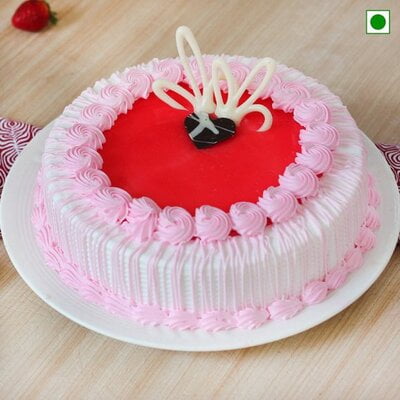 Iconic Strawberry Cake Eggless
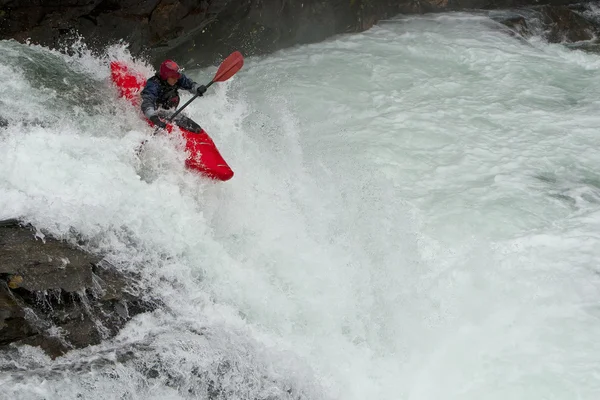 Kayaker у водоспаді — стокове фото
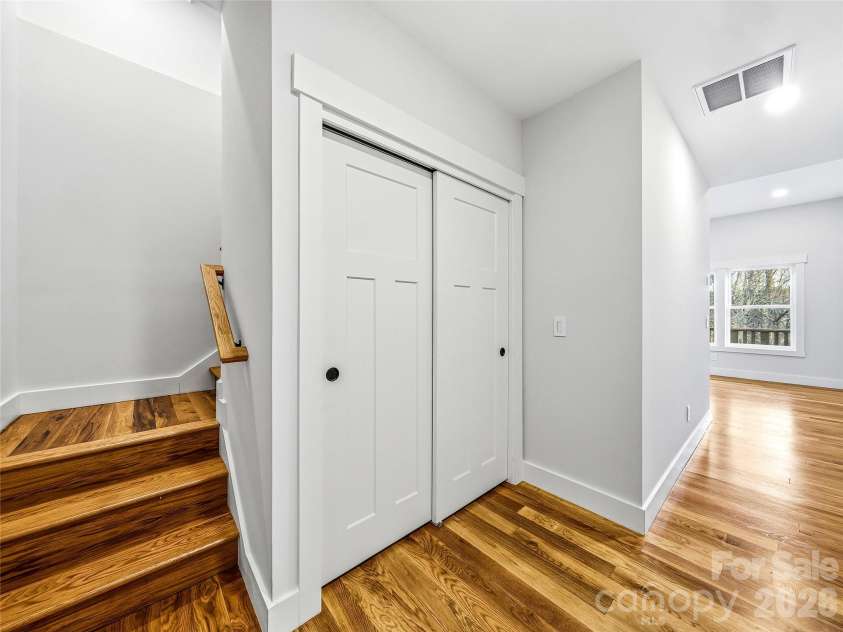 117 Third Street, Asheville, NC 28803.  MLS# CAR4358061, YatesRealty ID 8647. 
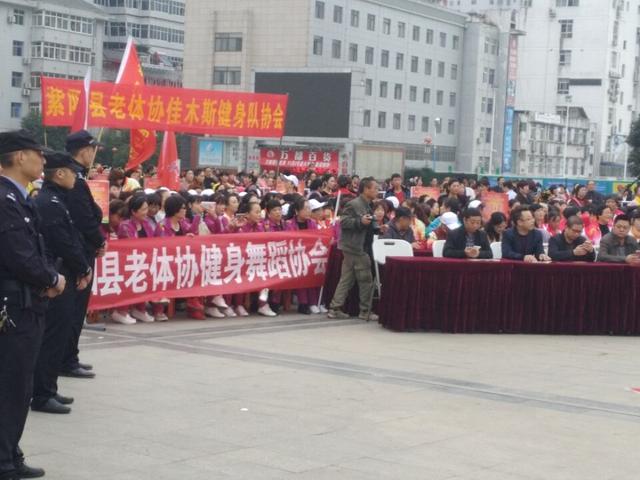 紫阳公安圆满完成健身文体展演活动安保任务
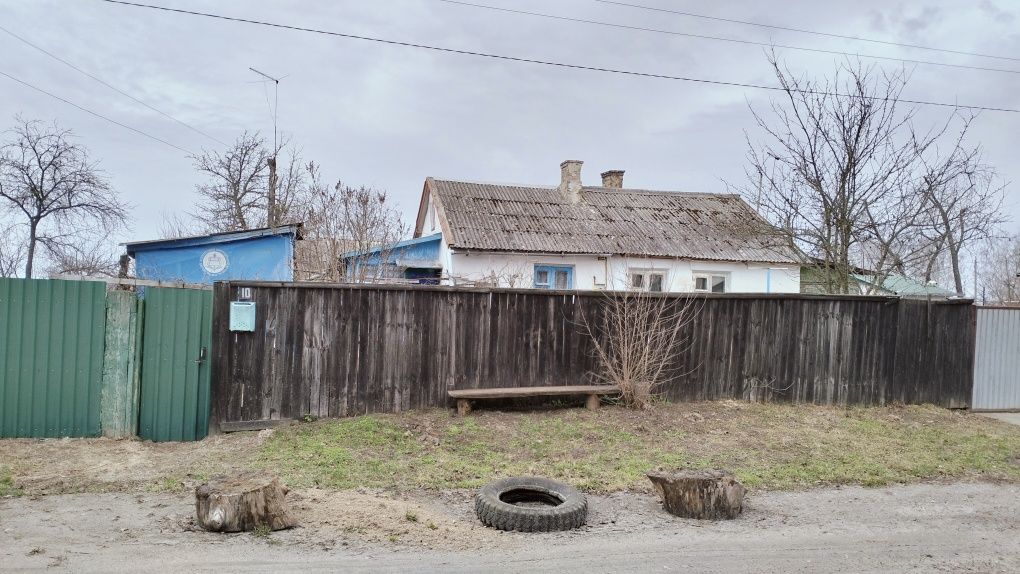 Продам 1/2 будинку с Савин (60 км від Києва)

-.-.-

[WHAT YOU SHOULD DO]: All that is wanted is an exact copy of the lines from the line bearing "Kayaker у водоспаді — стокове фото" through the final line of the entries, including both ends but no pictures.

[THE COMPLETED TASK]:
 Kayaker у водоспаді — стокове фото
 117 Third Street, Asheville, NC 28803.  MLS# CAR4358061, YatesRealty ID 8647. 
 紫阳公安圆满完成健身文体展演活动安保任务
 Продам 1/2 будинку с Савин (60 км від Києва)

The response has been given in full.